Justement, comment articulez-vous ce dialogue Bacon-Hrabal ? Je crois savoir qu’il va y avoir une sorte d’improvisation théâtrale…

L'etude d'après le portrait du Pape Innocent X par Velazquez
« Maria Gloria Grifoni a écrit un dialogue imaginaire entre les deux personnalités. Dans ce texte, ils parlent de la création, de la solitude, de l’art. Ce sera une performance artistique donnée les 20 et 21 juin avec de jeunes acteurs tchèques. Pour l’exposition, on a intégré, grâce à la participation d’un expert de Hrabal, ses citations sur l’art. Elles sont placées à côté des dessins de Bacon. »

Ces dessins de Francis Bacon représentent notamment un pape. Pourriez-vous rappeler d’où viennent ces dessins ?

« Il y a trois thèmes. Les thèmes du pape, du portrait et de la crucifixion. Ces dessins ont été créés de 1977 jusqu’à sa mort. Bacon a beaucoup voyagé en Italie et en Espagne. Il a été inspiré par de nombreux artistes italiens. La première exposition de ces dessins a eu lieu à Bologne en 1988. »

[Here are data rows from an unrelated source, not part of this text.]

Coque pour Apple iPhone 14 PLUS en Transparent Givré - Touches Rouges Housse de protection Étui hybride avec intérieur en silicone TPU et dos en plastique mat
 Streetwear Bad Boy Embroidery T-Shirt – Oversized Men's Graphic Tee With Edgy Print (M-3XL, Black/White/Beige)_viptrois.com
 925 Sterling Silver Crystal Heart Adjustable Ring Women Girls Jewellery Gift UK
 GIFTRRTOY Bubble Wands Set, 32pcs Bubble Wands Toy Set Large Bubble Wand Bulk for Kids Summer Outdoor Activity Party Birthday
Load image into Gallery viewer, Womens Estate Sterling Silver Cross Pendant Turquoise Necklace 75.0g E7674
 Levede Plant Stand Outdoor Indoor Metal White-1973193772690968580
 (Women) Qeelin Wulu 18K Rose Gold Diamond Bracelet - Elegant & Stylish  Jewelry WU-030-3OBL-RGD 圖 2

Cette exposition a créé la polémique dans le monde de l’art à Prague, notamment sur l’authenticité de ces dessins. Qu’en est-il ?

« Prague est toujours en retard sur le monde. La polémique née ici se rapporte à de très vieux arguments. De 1994 à 2004, il y a eu un procès. A la fin, le tribunal italien a établi que ces dessins étaient vrais. Ensuite la question a été de savoir : comment intégrer ce portfolio de dessins au reste du corpus des œuvres de Bacon. Jusqu’à aujourd’hui, il n’existe pas de catalogue raisonné parce qu’on débat du fait si l’on doit intégrer ces dessins dans la collection complète ou si l’on doit laisser à part, comme une collection des dessins italiens de Francis Bacon. »

Car ce qui est exposé de Francis Bacon, en général, ce sont ses peintures…

'Crucifixion'
« Francis Bacon avait signé un contrat avec la galerie Marlborough, très jeune. La galerie a pratiquement contrôlé toute sa production. Bacon a détruit à peu près la moitié de ses œuvres. Marlborough a essayé de faire de Bacon ce génie qui n’avait pas besoin de faire de dessins. Ce que l’on voit ici en réalité ce ne sont pas des dessins. Quand Bacon dit qu’il ne sait pas dessiner, il parle des dessins détaillés. Ce que l’on voit ici, ce sont de vraies œuvres. Un tableau a besoin d’un atelier, de temps. Francis Bacon n’avait pas d’atelier en Italie, mais il a eu cette nécessité de créer. Ce sont des œuvres finies. »

L’exposition s’achèvera le 22 juillet.